In discussing that the TEI attribute @rend from att.global although it allows you to type just about anything in it, doesn’t actually allow anything more that a set of single tokens. I recently explained to John, Paul, George, or Ringo (can’t remember which), that it really doesn’t mean that spaces are allowed, simply that whitespace is the delimiter in the attribute value.

The definition of @rend is “(rendition) indicates how the element in question was rendered or presented in the source text.” but it is very often used by some encoders to signal to processing how you want the output to appear.  In the remarks on the values allowed for the attribute it says:

may contain any number of tokens, each of which may contain letters, punctuation marks, or symbols, but not word-separating characters.

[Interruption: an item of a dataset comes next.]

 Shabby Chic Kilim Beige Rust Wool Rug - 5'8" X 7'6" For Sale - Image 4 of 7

The point here being the ‘word-separating characters’ part. So although you can say <hi rend=”It looks a bit like that other one”>text</hi>, this actually has 8 tokens “It”, “looks”, “a”, “bit”, “like”, “that”, “other”, “one”. Sometimes people stick CSS or CSS-like rendition information into @rend so have values like “text-align: right”. Which I would say was wrong… or at least saying that there are two classifications applicable to its rendition in the source material, one that it is “text-align:” and another that it is “right”.  Of course they could solve this just be deleting the space “text-align:right” would be better, or even “text-align:right; font-size:large;” if you wanted to add another token.  However, even better would be to use @rendition to point to at least one @xml:id of a <rendition> element in the header.  This allows you to specify exactly what scheme you are using (e.g. CSS) and to give multiple statements for one classification.

Why does this matter you might ask? Well, of course, it doesn’t really — they are all magic tokens of one sort or the other to be interpreted (or not) by your processing for whatever reason you are undertaking the encoding. The <rendition> method is the most detailed in documenting precisely how you are interpreting the rendition in the original document.

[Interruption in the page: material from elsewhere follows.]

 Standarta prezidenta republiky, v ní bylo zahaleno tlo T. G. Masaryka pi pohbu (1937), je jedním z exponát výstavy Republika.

However, the reason it matters to me is that there are NO attributes in the TEI which allow free-text.

By that I mean that all attributes are assigned to one datatype or another, and in none of them can you just type sentences of prose and have it be semantically meaningful.  This is as a result of the long War on Text-Bearing Attributes that was undertaken in the run-up to the first release of TEI P5. This took as one of its many principles that because any bit of free text might have a need to use a non-Unicode character, and that the TEI’s method for documenting non-Unicode characters was to use its <g> element, that you couldn’t have free-text attributes because you can’t use an element inside an attribute value. This is the reason for the creation of many new child elements like <desc> which are intended to contain free text concerning the nature of the element that contains them.

In the case of the @rend attribute it allows one to infinity of the data.word datatype.  This data type, even in P5 1.0.0 “defines the range of attribute values expressed as a single word or token.”  Thus when people put space separated characters into it, they are really putting in multiple tokens.  The war of text-bearing attributes attempted to limit the places where people were able to do this by the use of datatypes and the removal of free text in attribute values.

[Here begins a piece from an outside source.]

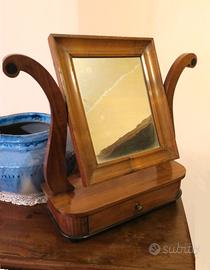 PICCOLA SPECCHIERA DA TOILETTE CON CASSETTO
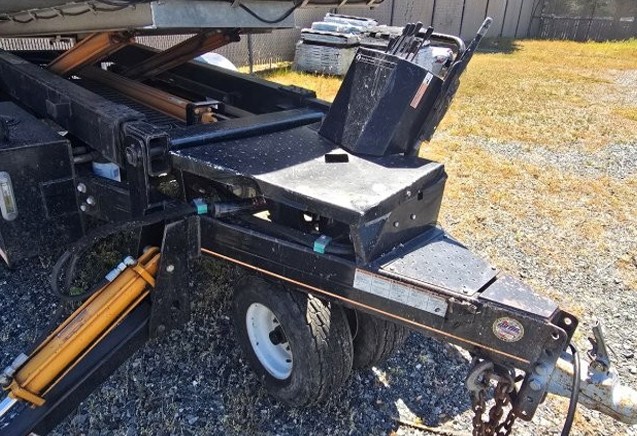 2017 New Heights Equipter RB4000 - Image 15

This helps to highlight the difference between syntactic and semantic validity. Just because your document validates against a schema, does not mean that it is semantically valid.  You can put the text of a title inside an <author> element and vice-versa and there is no way your schema can know that you have done this.

So really, I’ve posted this post so I can point to it later when people ask me about spaces in @rend and similar datatype kerfuffles.